Pitino indulged his passion for premium cigars by taking advantage of the built-in humidors in his Commonwealth Avenue brownstone. But the comforts of home couldn't assuage the mounting frustrations he felt coaching the Celtics, who were a far cry from the caliber of Auerbach's teams.
"I'd sit on the roof, with my assistant coach, Jim O'Brien, and smoke a cigar and reflect on our losses," says Pitino, who served as the team's president in addition to his coaching duties. There were many such opportunities as the Celtics went 102-146 during Pitino's tenure.
Before Pitino came to Boston, Minardi had advised him not to take the NBA job. After all, he had been a king in Kentucky. In the manner of such basketball coaches as Pat Riley and Phil Jackson, Pitino had not been just a coach but had begun to be an industry, a motivational multimedia persona featuring books, tapes and speeches.
As the Celtics foundered, Pitino's time on the Commonwealth Avenue rooftop increased. "I'd sit up there with a Cabernet, a cigar, and my winter coat and scarf, trying to relax and think," he says. By the start of '01, the only answer was extrication, and Pitino resigned from the Celtics on January 8, 2001. "Professionally, I failed as a basketball coach, but it wasn't a personal failure," says Pitino. "To me, personal failure involves letting down your friends and family. There's nothing wrong with failure -- if you can learn from it."

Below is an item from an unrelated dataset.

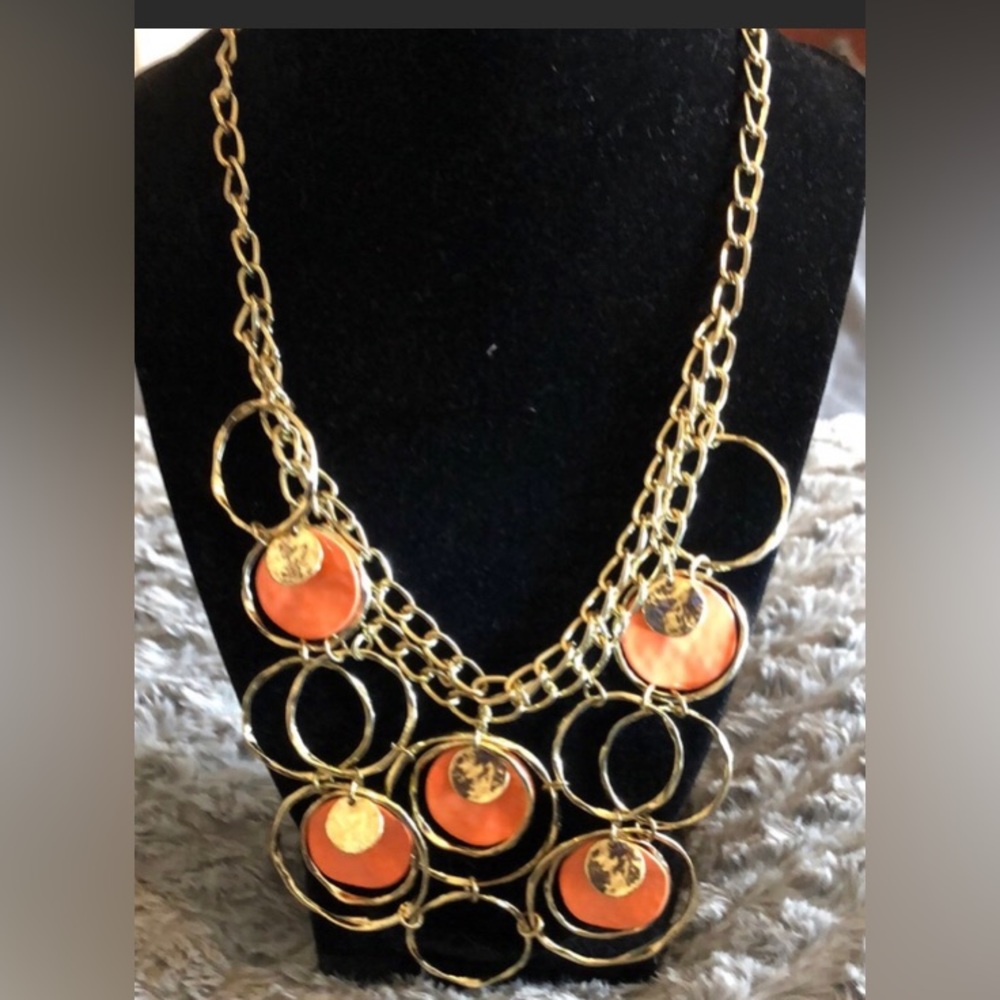 Gold & Peach Necklace ( costume jewelry)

Pitino didn't have to wait long to return to the sidelines. By March, he was weighing offers from the universities of Louisville and Michigan. Pitino was hesitant to return to Kentucky and coach his former school's cross-state rival. Hours away from accepting a position at Michigan, he consulted again with Minardi. The two, after all, had spoken every day for 32 years. And here was Pitino, a year away from turning 50, cast out of the pros and uncertain of his next move. "Billy told me, 'If you're choosing Michigan because it's right for you, fine,'" says Pitino. "'But if you're doing it because you're worried about Kentucky, you should think again.' In my 20s and 30s, I probably would have gone to Michigan. But now, I have so many close friends in Kentucky."

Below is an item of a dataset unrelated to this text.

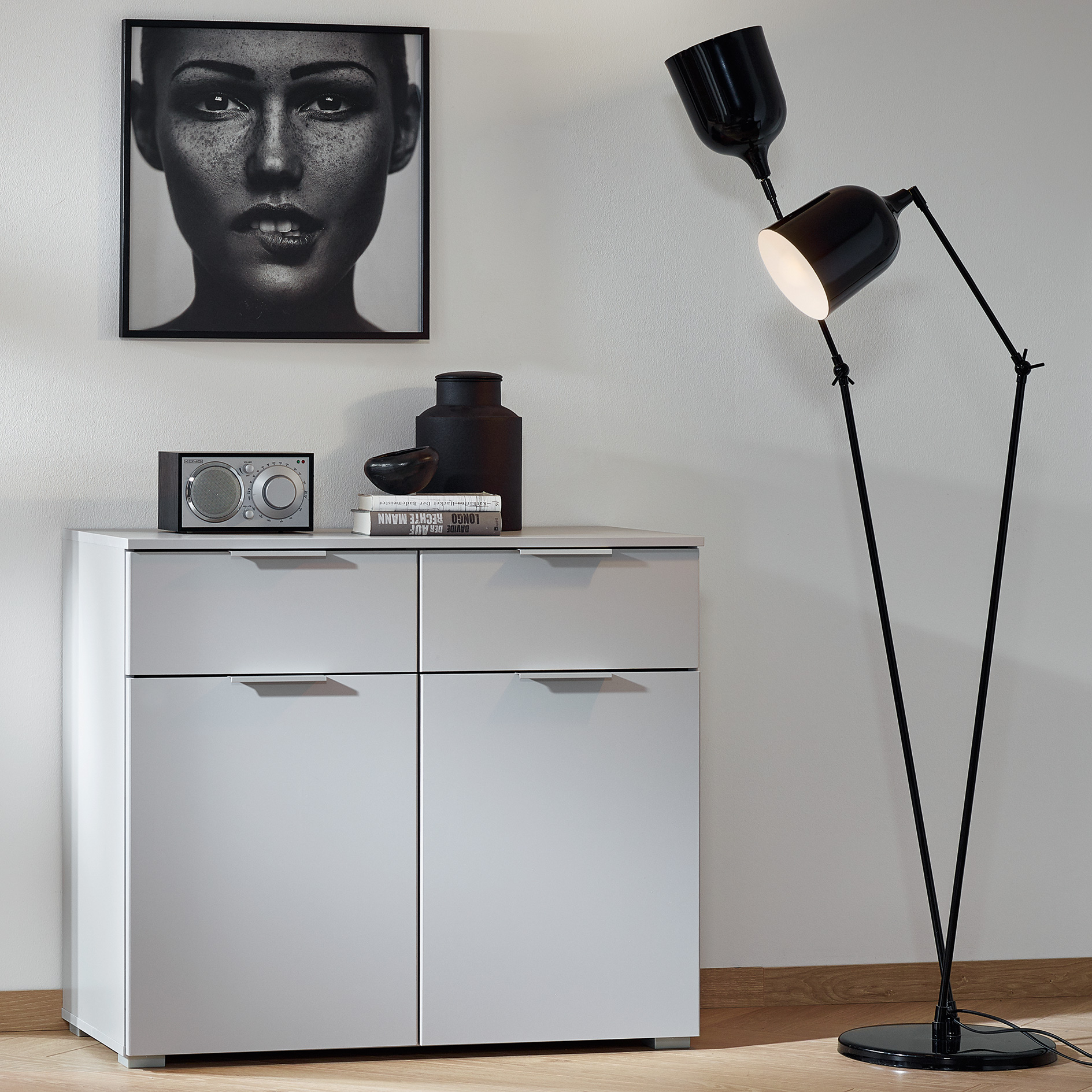 Kommode - seidengrau - 2-türig - 93 cm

Signing a six-year, $12.25 million contract for a job he claims will be his last coaching gig, Pitino was rapidly assimilated into Louisville, his books spotted on incoming flights, his face on the cover of magazines and billboards.
"After 9/11, if I was in pro basketball, I knew I'd be lonely and depressed," says Pitino. "I like the way the college game is more of a family."

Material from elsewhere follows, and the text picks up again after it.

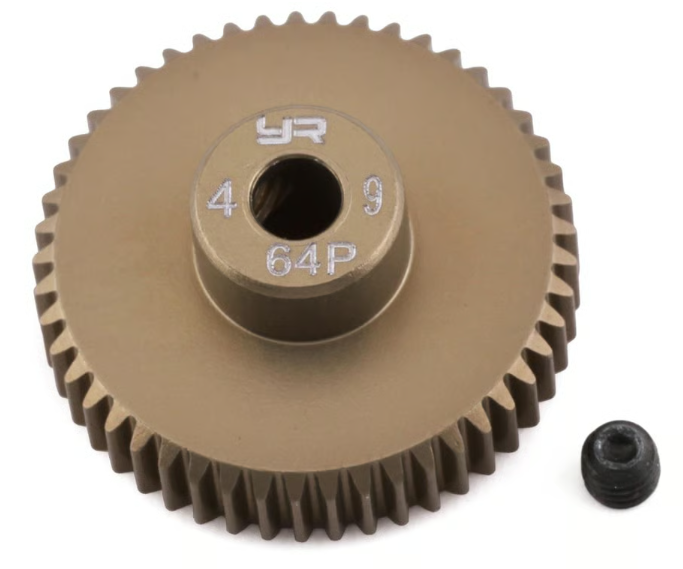 Yeah Racing 64P Hard Coated Aluminum Pinion Gear (49T)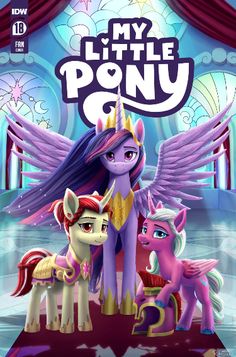 the movie poster for my little pony, featuring three ponies and one is wearing a crown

He thinks of Minardi every day. Louisville's uniforms this season featured a small "B" over the left shoulder. This December, Louisville will host its first Billy Minardi Basketball Classic.
Yet for all the tranquility and balance he has found, as a coach Pitino remains as driven as ever. Sporting the snappy suit, crisply wrapped necktie and quintessential slick hair that's turned basketball coaches into fashion icons, Pitino strides the sidelines like a martinet, yelling, clapping, advising, reprimanding. His pale brown eyes seem to never blink, watching with the attentiveness of a concerned parent. When his patience is challenged, he typically bends his arm and brings his fingers to his mouth, repressing his short-term desire to scream, opting wisely to shut up and let the children play.
Joel Drucker is a freelance writer living in California.